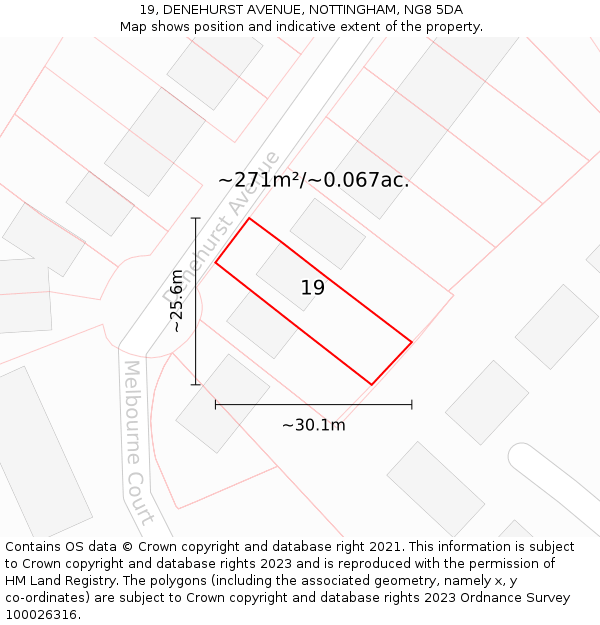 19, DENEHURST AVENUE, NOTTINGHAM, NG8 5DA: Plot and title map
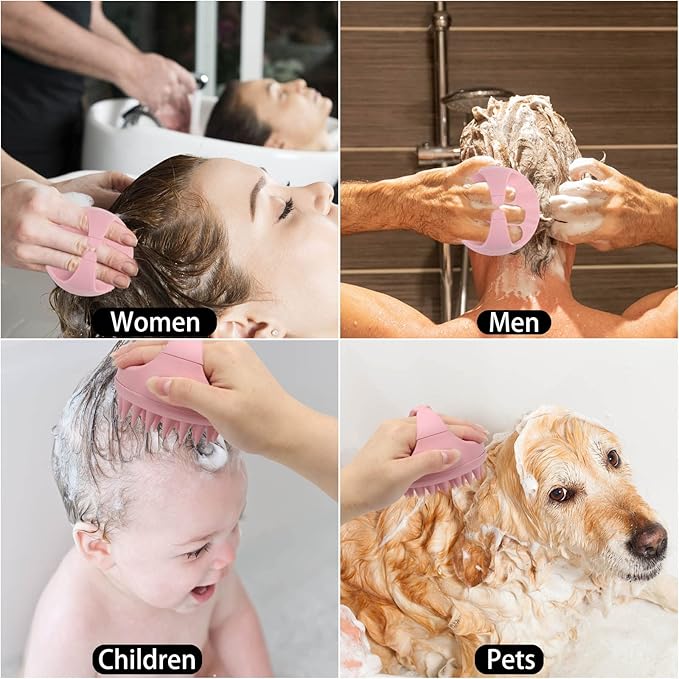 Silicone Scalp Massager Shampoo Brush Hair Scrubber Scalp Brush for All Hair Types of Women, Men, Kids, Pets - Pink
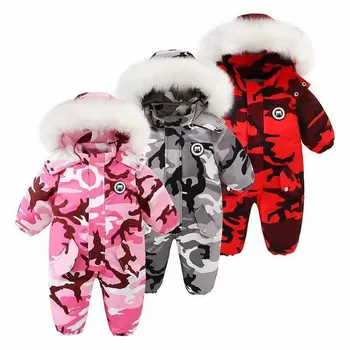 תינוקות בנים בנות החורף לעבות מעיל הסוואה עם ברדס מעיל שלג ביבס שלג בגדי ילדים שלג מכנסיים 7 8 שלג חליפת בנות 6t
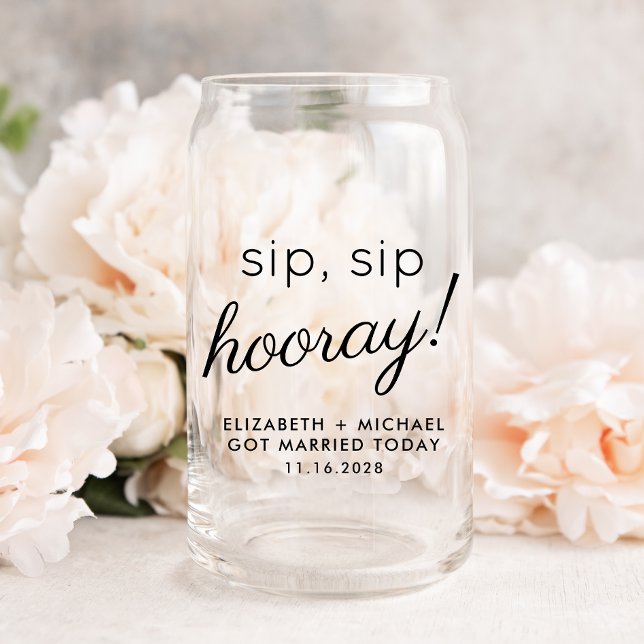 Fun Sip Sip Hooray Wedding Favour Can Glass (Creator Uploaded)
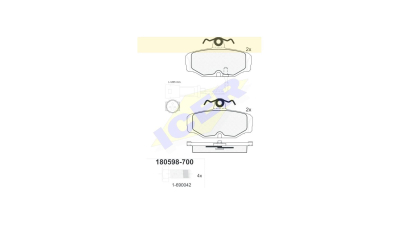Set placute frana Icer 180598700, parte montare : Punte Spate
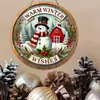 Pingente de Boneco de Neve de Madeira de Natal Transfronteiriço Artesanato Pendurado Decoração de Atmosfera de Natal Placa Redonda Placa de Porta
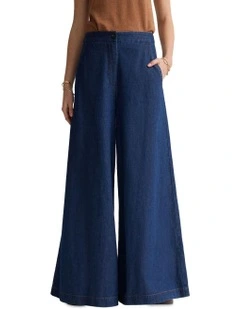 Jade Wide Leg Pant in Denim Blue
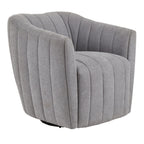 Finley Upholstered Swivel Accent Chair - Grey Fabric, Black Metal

---

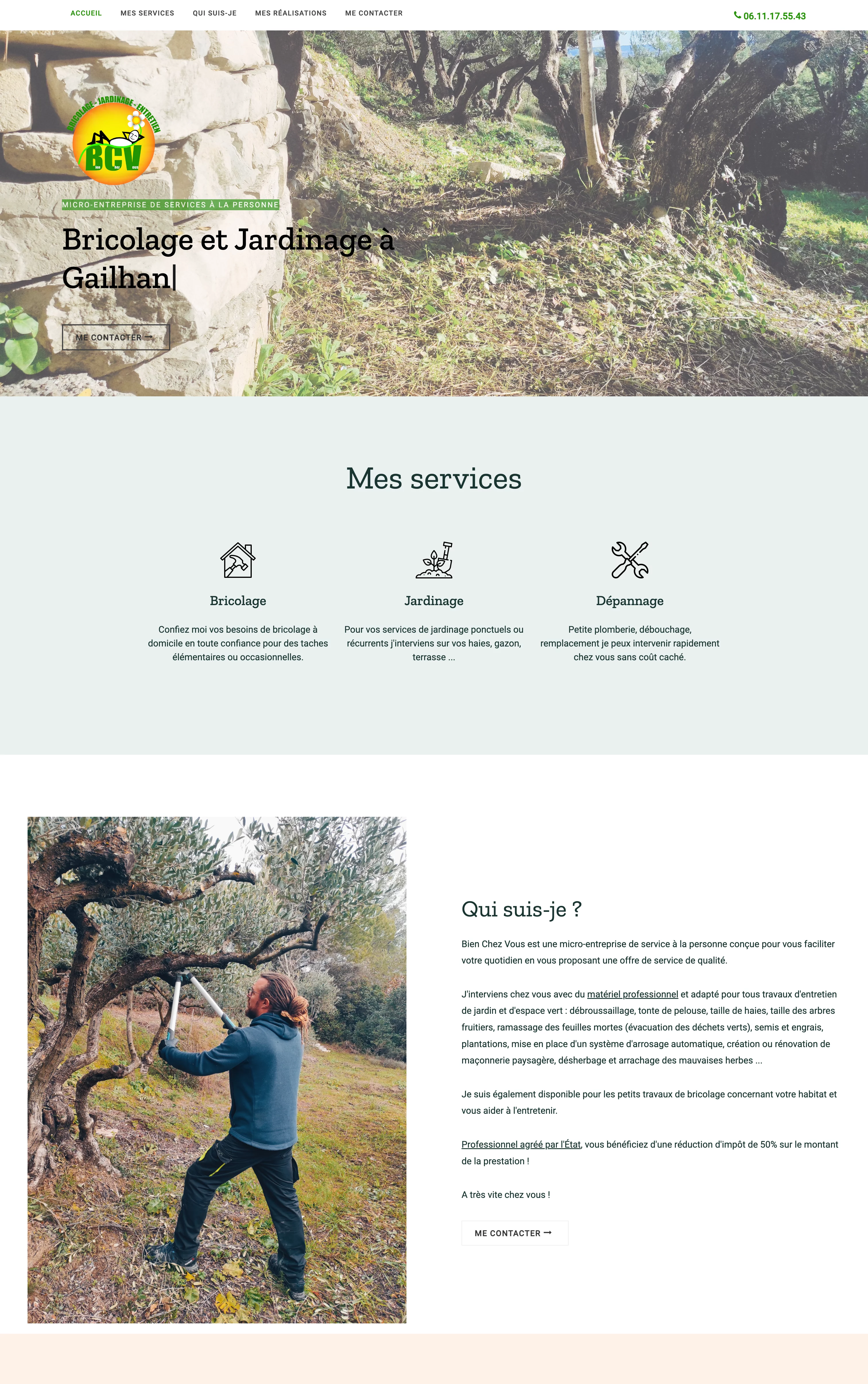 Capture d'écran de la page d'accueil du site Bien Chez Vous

==

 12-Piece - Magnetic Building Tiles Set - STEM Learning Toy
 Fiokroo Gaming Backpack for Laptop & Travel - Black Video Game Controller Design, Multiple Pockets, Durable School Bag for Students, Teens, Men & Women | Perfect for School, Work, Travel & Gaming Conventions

**Directions for this task**.
Could you repeat, exactly, only the lines above starting at the one that has "19, DENEHURST AVENUE, NOTTINGHAM, NG8" and stopping after the one that has "Fun Sip Sip", without the pictures?

**Task solution**.
 19, DENEHURST AVENUE, NOTTINGHAM, NG8 5DA: Plot and title map
 Silicone Scalp Massager Shampoo Brush Hair Scrubber Scalp Brush for All Hair Types of Women, Men, Kids, Pets - Pink
 תינוקות בנים בנות החורף לעבות מעיל הסוואה עם ברדס מעיל שלג ביבס שלג בגדי ילדים שלג מכנסיים 7 8 שלג חליפת בנות 6t
 Fun Sip Sip Hooray Wedding Favour Can Glass (Creator Uploaded)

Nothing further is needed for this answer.